The Marian Mark was first categorised as an apotropaic by Timothy Easton as the result of a series of archaeological building surveys that he had undertaken in Suffolk, in the east of England. He was the first researcher to notice the mark which had been repeatedly cut into the timbers of the 16th-17th century buildings in that county. His meticulous recording of the structural timbers in the buildings revealed a patterning of repeating ‘V’ marks – often overlapping (or ‘conjoined’) – that had been cut into the wood with a carpenters’ rase knife. His short article, ‘Ritual Marks on Historic Timber’ in the Weald & Downland Magazine of 1999 was further bolstered by an addendum in the same issue by timber-framed building expert Richard Harris who, once alerted, found the same marks on the interior wall plates of a Drying Shed that he was reconstructing (Easton, Harris 1999: 22-29)
Easton’s corpora was recorded from both residential houses and farm buildings which held livestock, whilst those of Harris’ were from a building associated with the industrial process of drying bricks and tiles (Easton, Harris 1999: 22-29). It appeared that the marks had been intended to protect the tenants, the ‘things’ being fabricated – or, indeed, the processes being undertaken in those buildings which would have benefited from being ‘blessed.’ 2
Ritual Taper Burn Marks
In the previous article, I detailed the high quantity of ritual taper burn marks in the Moat Room. One horizontal timber had been removed or replaced, rendering some of the marks to appear ‘up-side down.’ Although Meeson did not have access to the latest archaeological thinking on their purpose and creation, his meticulous survey still manged to record the marks on a number of timbers not visible to the casual visitor. In my article, ‘Incendiary Behaviour’ I have charted the evolution of the study into the phenomenon and presented several case studies undertaken by different archaeologists in a range of ancient buildings.3


Detail of the truss drawings from the north range, the burn marks have been carefully drawn by Meeson’s team with the Roman numerals of the carpenters at the base of the studs (Meeson et al 2002).

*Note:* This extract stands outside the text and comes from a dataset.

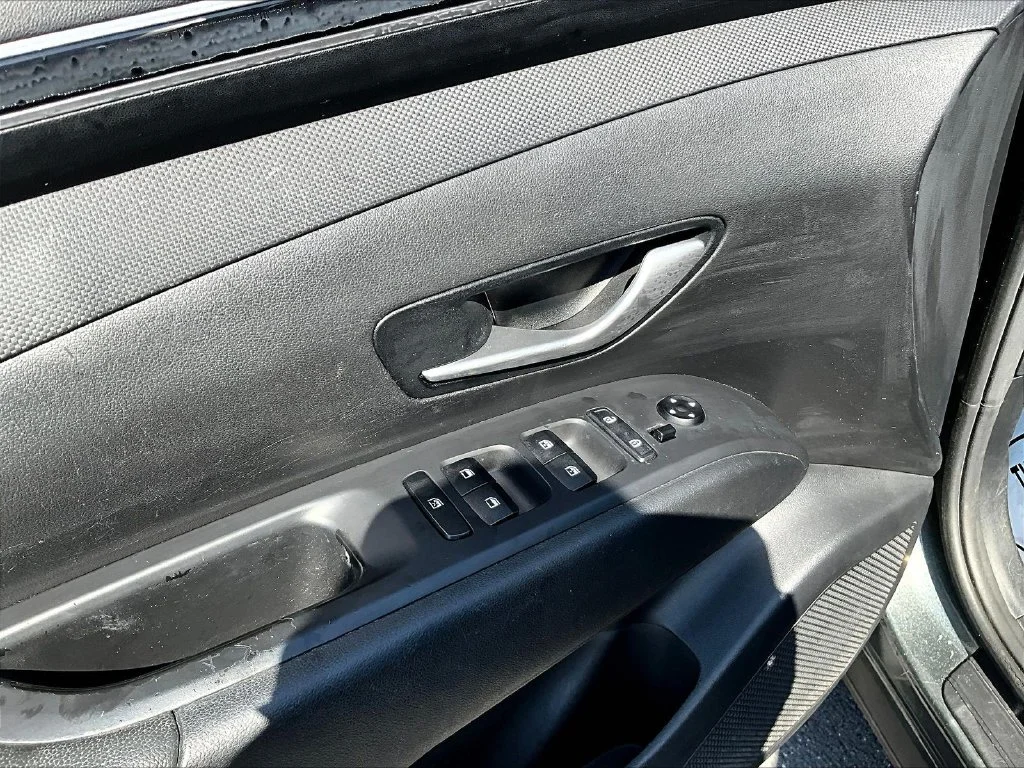 Used 2022 Gray Hyundai SEL image 19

Ritual taper burn marks in the Moat Room. Photo © W Perkins 2024.
The corpus of marks culled from the survey of Baddesley Clinton has returned evidence for a number of different apotropaic devices having been used throughout the building, with an approximate date for their application being between the 16-17th centuries.

Some of the ritual taper burn marks show knife cuts where the charcoal was scoured out of the hollow during burning, as in this example. Phot: (c) W Perkins 2024.
So far, the surveys have recorded –
- Marian Marks (entrance passage & internal fireplace)
- Compass drawn circles (including concentric ones, entrance passage)
- A multifoil (or double six-petal rosette, sometimes called a daisy wheel, entrance hall)
- Votive cross (above principal entrance)
- Ritual taper burn marks (in many locations, concentration in the Moat Room)
- An unusual, motif composed of ‘radiating’ lines in a ‘star’ pattern, located below a signature cut into the plaster (Moat Room)
It is a vivid example of the way in which a range of apotropaic symbols – and protective measures – were brought into secular buildings by the rising elite during the Early Modern Period.
© W Perkins February 2025.
Notes.
- Perkins, W (2022) Return to the Source. RPM website online article.
Kempton, B (2018) Japanese Wisdom for a Perfectly Imperfect Life. Piatkus.
- Easton, T (1999) ‘Ritual Marks on Historic Timber’ in, Weald & Downland Magazine. Spring Edition. p.22-28.
- Perkins, W (2002) Incendiary Behaviour. RPM website online article.